%%

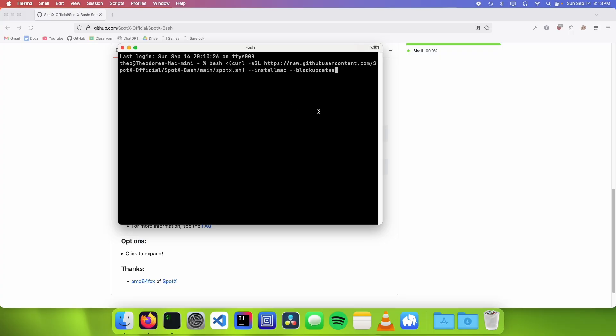The reason we want to block updates is because every time Spotify updates itself, the SpotX script is gonna break. So blocking the updates to the Spotify app means that it'll always work. And if it ever stops working, you just need to go back and run the script again.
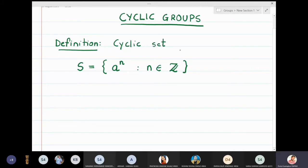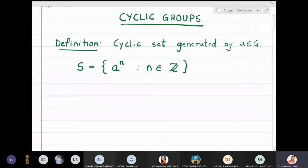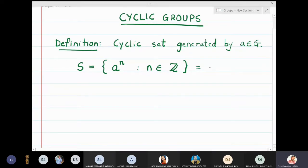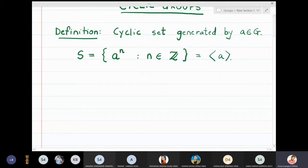This cyclic set is generated by element a in the group G, and it will be denoted by ⟨a⟩ — we use angle brackets and write a inside. Now, if G is a group, then this set S is not just a set but actually becomes a subgroup of G. We will first prove this.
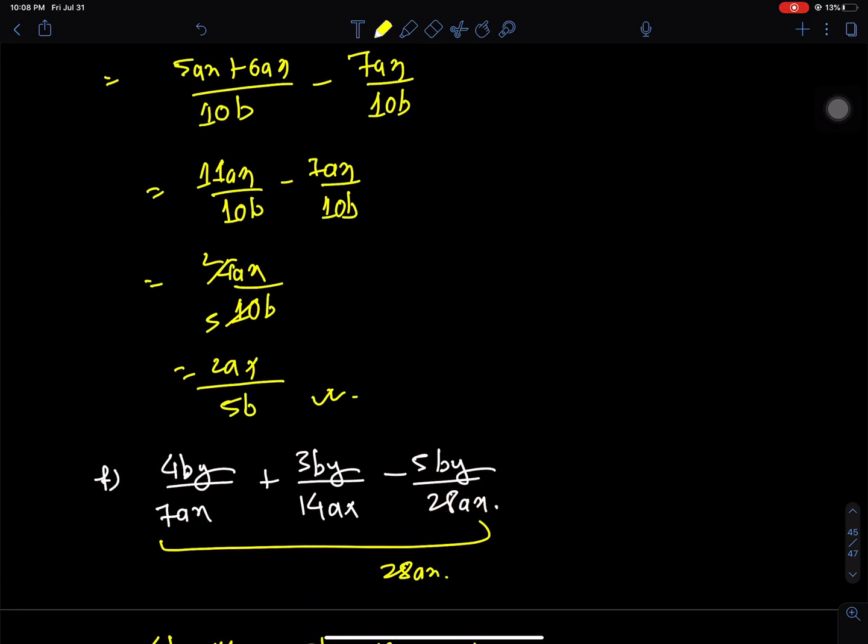Hello everyone, welcome back to Nepal Online School. Welcome to Class 7 Mathematics. I am going to learn about factorization. I am going to learn about addition and subtraction of rational expressions. I am going to solve this topic and this exercise.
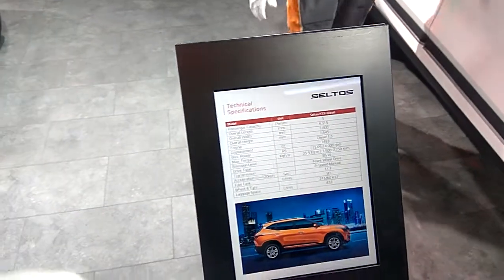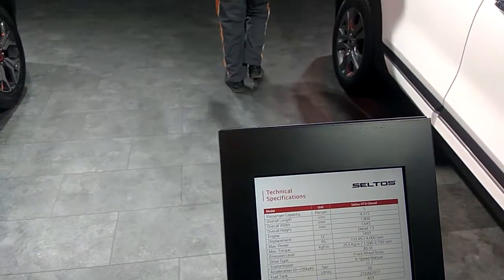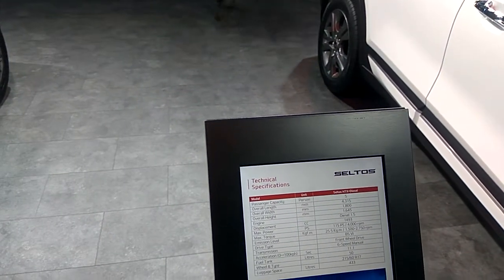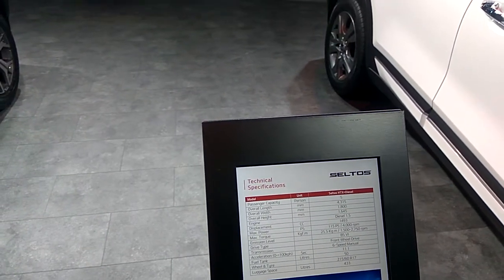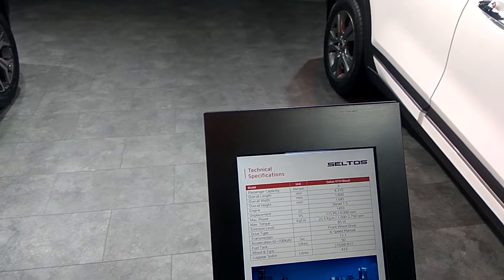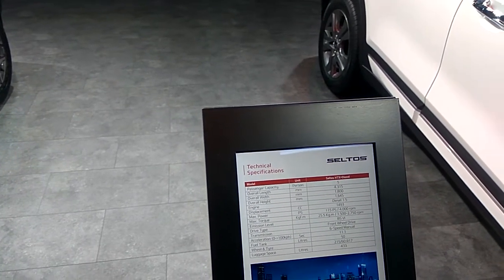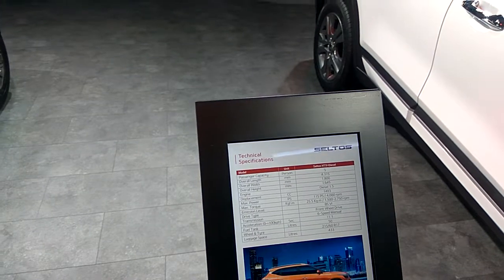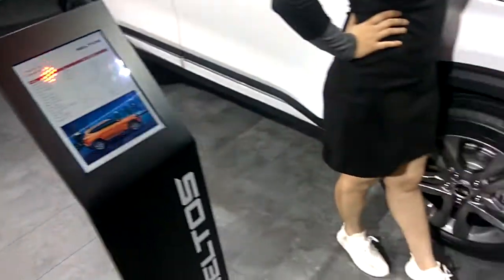These are the technical specifications: passenger capacity is 5 overall. The overall length is 4315 mm and the overall width is 1800 mm. The diesel 1.5 engine model is shown here.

%%

REQUIREMENT.
Every line above has to be output exactly; the pictures must be dropped.

RESPONSE TO THIS EXERCISE.
The reason we want to block updates is because every time Spotify updates itself, the SpotX script is gonna break. So blocking the updates to the Spotify app means that it'll always work. And if it ever stops working, you just need to go back and run the script again.
This cyclic set is generated by element a in the group G, and it will be denoted by ⟨a⟩ — we use angle brackets and write a inside. Now, if G is a group, then this set S is not just a set but actually becomes a subgroup of G. We will first prove this.
Hello everyone, welcome back to Nepal Online School. Welcome to Class 7 Mathematics. I am going to learn about factorization. I am going to learn about addition and subtraction of rational expressions. I am going to solve this topic and this exercise.
These are the technical specifications: passenger capacity is 5 overall. The overall length is 4315 mm and the overall width is 1800 mm. The diesel 1.5 engine model is shown here.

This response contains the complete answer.